WHAT YOU SHOULD DO: Nothing but the lines below from the one holding "Horse Color:Chocolate Palomino" up to and including the one holding "sacha inchi set cartoon vector illustration" should be copied, exactly and without pictures.

THE DATA:
◆ ◆ ◆ ◆ ◆
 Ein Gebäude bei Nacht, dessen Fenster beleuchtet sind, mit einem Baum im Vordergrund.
◆ ◆ ◆ ◆ ◆
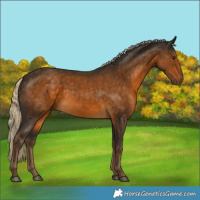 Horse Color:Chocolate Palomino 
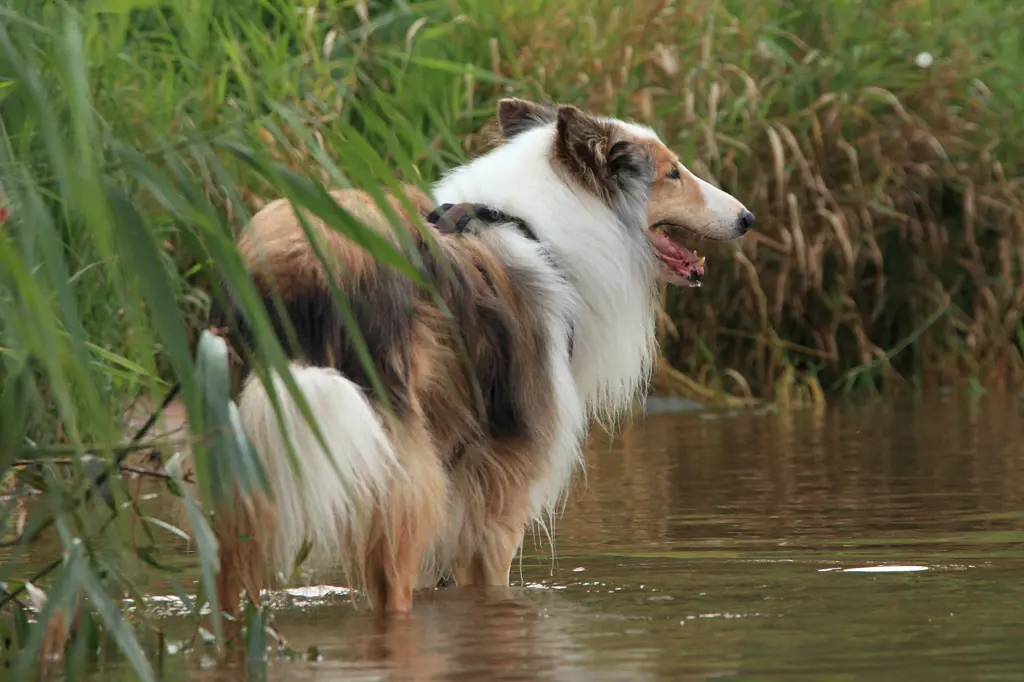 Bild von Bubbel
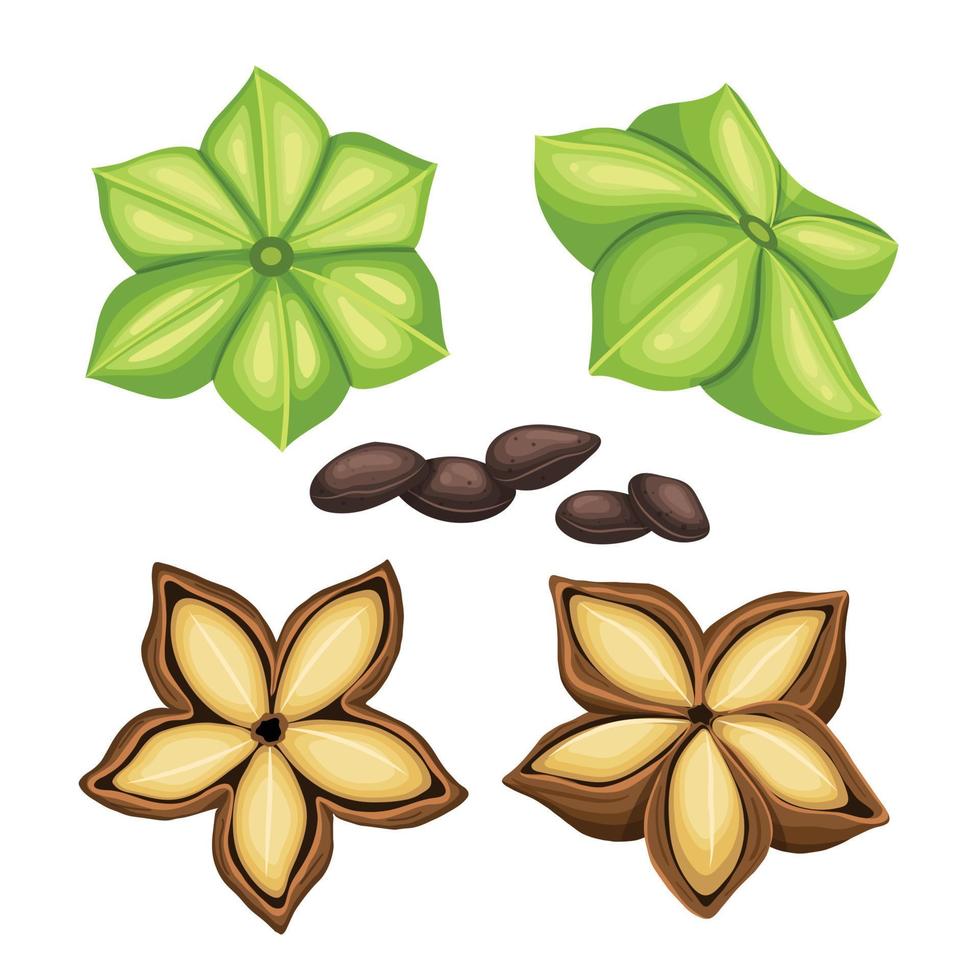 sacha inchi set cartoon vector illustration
◆ ◆ ◆ ◆ ◆
ANSWER FOR THIS EXERCISE:
 Horse Color:Chocolate Palomino 
 Bild von Bubbel
 sacha inchi set cartoon vector illustration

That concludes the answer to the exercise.